= Isabelle Guérin =

French ballet dancer (born 1961)

Isabelle Guérin (/fr/; born 1961) is a French ballet dancer. She was a member of the Paris Opera Ballet from 1978. In 1985, she received the title of Danseuse Étoile from Rudolf Nureyev. John Rockwell has described Guérin and Laurent Hilaire as "two of the Opera Ballet's greatest stars". She danced classical and modern repertoires until her retirement in 2001.

==Biography==
Born in the Paris suburb of Rosny-sous-Bois, Guérin grew up in Rambouillet, and studied ballet at its École de Danse. She continued her studies under Christiane Vaussard at the Conservatoire de Paris where she won the first prize in 1977, allowing her to complete her studies at the Paris Opera Ballet School. She joined the Paris Opera Ballet the following year.

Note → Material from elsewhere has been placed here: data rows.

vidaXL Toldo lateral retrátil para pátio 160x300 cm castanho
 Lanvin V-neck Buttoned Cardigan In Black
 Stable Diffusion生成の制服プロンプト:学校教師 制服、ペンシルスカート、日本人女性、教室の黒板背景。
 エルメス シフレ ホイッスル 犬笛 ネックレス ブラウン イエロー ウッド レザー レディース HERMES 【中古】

As a quadrille in the corps de ballet, she danced Spring Pas de quatre in Kenneth MacMillan's production of The Four Seasons and Scottish Pas de deux in Pierre Lacotte's production of La Sylphide. Even before she became a soloist, she was given important roles. In 1982, Rosella Hightower chose her as Carabosse in her version of Sleeping Beauty while in 1983, Nureyev gave her the role of Kitri in Don Quixote. Quickly rising through the ranks to become a soloist in 1984, the year she won the silver medal at the Paris Concours International de Danse. In November 1985, together with Laurent Hilaire, she was given the title of étoile (principal dancer) by Rudolf Nureyev after dancing in Vladimir Bourmeister's Swan Lake. She went on to create roles in Nureyev's Cinderella (1986), Jerome Robbins' In the Night, William Forsythe's In the Middle, Somewhat Elevated and Nureyev's La Bayadère (1992) in which she danced Nikiya. In the 1996–97 season, she appeared in three New York City Ballet productions, Swan Lake, The Concert and Other Dances. She left the stage in May 2001 after dancing in MacMillan's L'histoire de Manon.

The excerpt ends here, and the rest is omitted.